CUDA vs Quad Core Performance Test

December 21, 2010

Fixed. I had some spare cycles during lunch break.

This update supersedes all previous versions, which have been removed (link expires 12/8).

Changes

Updated HT detection code to eliminate false positives on Vista and newer operating systems, and reduce false positives on pre-Vista operating systems
Reduced settling period to eight seconds between runs and added a two second spool up period for the parallel runs

December 22, 2010

The X3470 (ES) that I have is identical to the i7 875K but with ECC and VT-d plus some other stuff.

Had hoped that the unlocked version would be unlocked but it's not really, still only get 9-22x Multiplier.

But easily does 4Ghz, if I enable Turbo then 3.8Ghz (4.4Ghz)
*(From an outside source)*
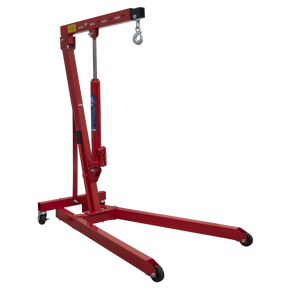 The Sealey Low Profile Engine Crane 0.5 Tonne - PH5 is a red hydraulic engine crane featuring a lifting hook on top and supported by four heavy-duty castors for enhanced mobility, making it both lightweight and manoeuvrable.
Makes the desktop very snappy compared even to the i3 @ 4.4Ghz

December 22, 2010

X3470 (ES) @ default 2.93Ghz

CPU ID: Intel64 Family 6 Model 30 Stepping 5, Cores: 4, Logical Processors: 8
Matrix Size: 1536x1536

Processing time for CPU (sequential): 33578 ms

Processing time for CPU (parallel HT on): 9511 ms

Processing time for CPU (parallel HT off): 14210 ms

Parallel speed-up: 3.530438, Efficiency: 88.260961% (HT on)

Parallel speed-up: 2.362984, Efficiency: 59.074595% (HT off)

Thats better :)

Hmmm, my HT off makes for quite a difference.
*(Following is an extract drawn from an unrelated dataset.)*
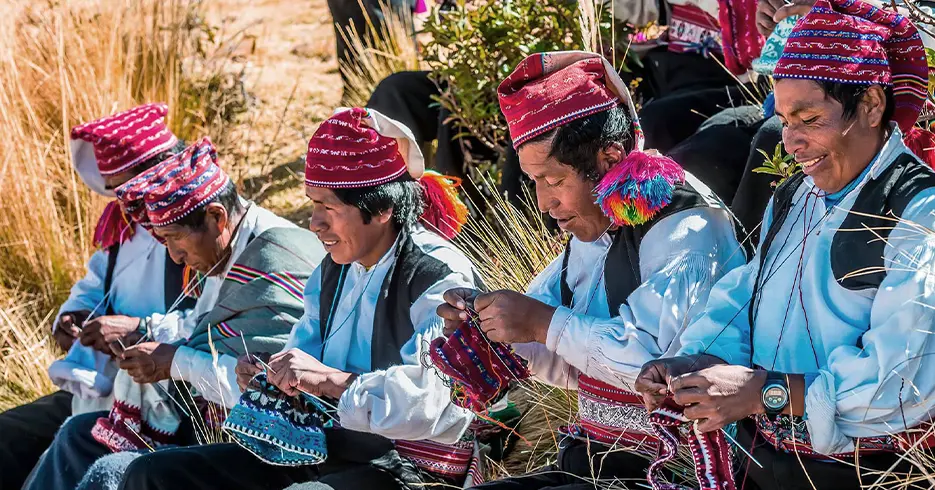 Hombres sonriendo y tejiendo sus textiles en la isla taquile en puno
Looks like HT can do some actual work

December 23, 2010

I did major refactoring of the code to see how far I could push the 'envelope' in a managed language like C#; the results are not disappointing. :)

Changes

Now accepts command line options for multiplication algorithm and matrix size.
Totally refactored matrix multiplication code. Program now implements two algorithms -- a naive version using a straightforward i,j,k loop and Strassen's algorithm.
HT off simulation should work more consistently now.

For those interested, the latest version of the program can be found here (link expires 12/30). Links to old versions have been removed.

December 24, 2010

All cores are not created equal. On my i7-950 the second core (CPU 1) is fastest, whereas on both my Core i7-620M and Core 2 Duo E8500 the first core (CPU 0) is fastest.

Changes

Sequential computation is now performed on each available core. The best runtime is used for the speed-up and efficiency calculations.
Added a dry run prior to the timed runs to negate any ramp-up associated with dynamic overclocking.
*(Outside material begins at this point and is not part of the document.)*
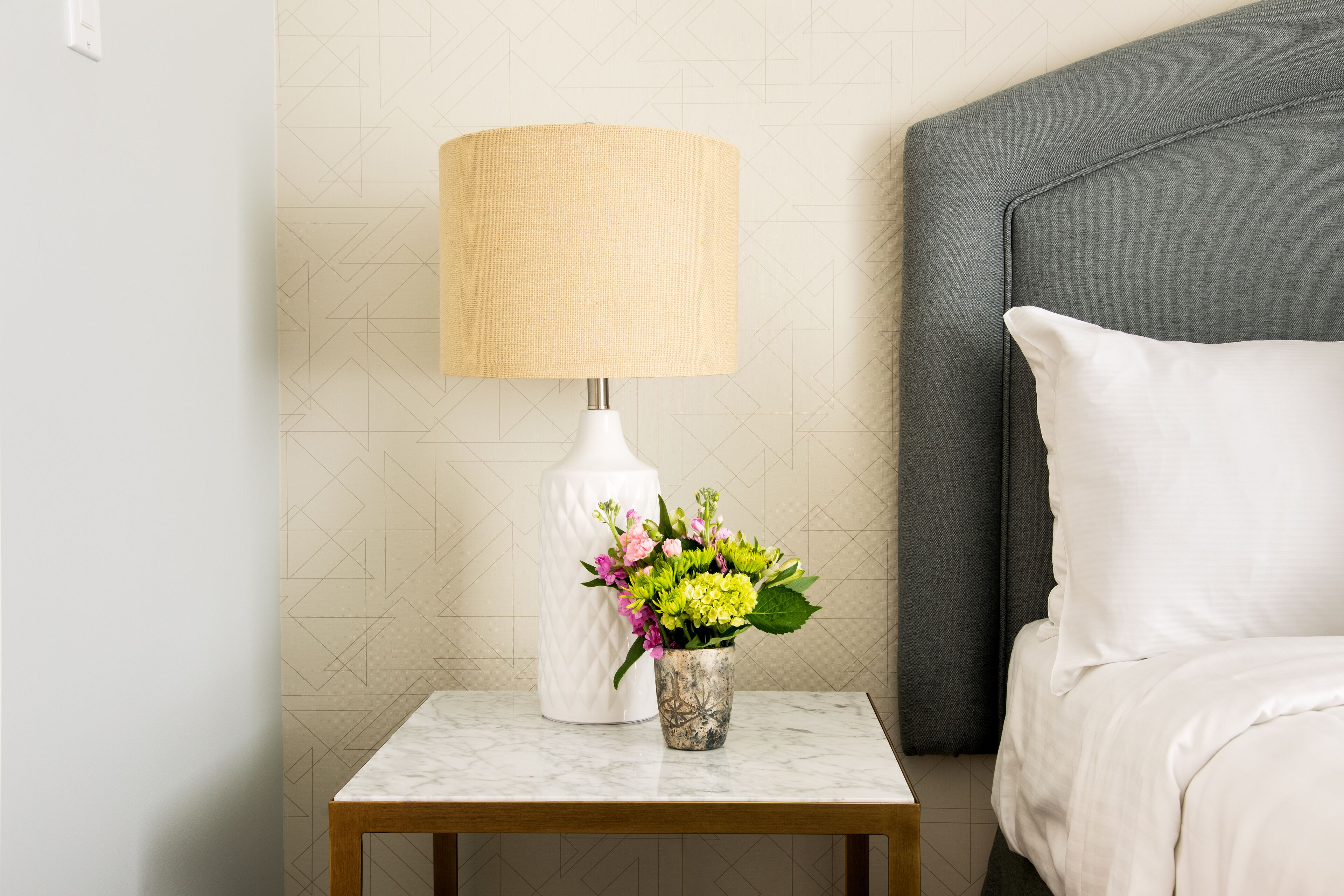 Habitación de hotel ordenada con cama, mesita de noche con lámpara y un jarrón con flores.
For those interested, the latest version of the program can be found here (link expires 12/31). Links to old versions have been removed.

Merry Christmas and enjoy! :)

December 25, 2010

Core i5 460m

CPU ID: Intel64 Family 6 Model 37 Stepping 5, Cores: 2, Logical Processors: 4
Algorithm: Strassen's, Matrix Size: 1536x1536

Processing time for CPU 0 (sequential): 33141.6495 ms

Processing time for CPU 1 (sequential): 33882.3437 ms

Processing time for CPU * (parallel HT on ): 15413.6534 ms

Processing time for CPU * (parallel HT off): 18159.8282 ms

Parallel speed-up: 2.150149, Efficiency: 107.507444% (HT on)

Parallel speed-up: 1.824998, Efficiency: 91.249898% (HT off)

December 28, 2010

Changes

Added CUDA Toolkit 3.2 integration (finally)!
CUDA matrix multiplications are performed on each available GPU using the CUBLAS optimized library.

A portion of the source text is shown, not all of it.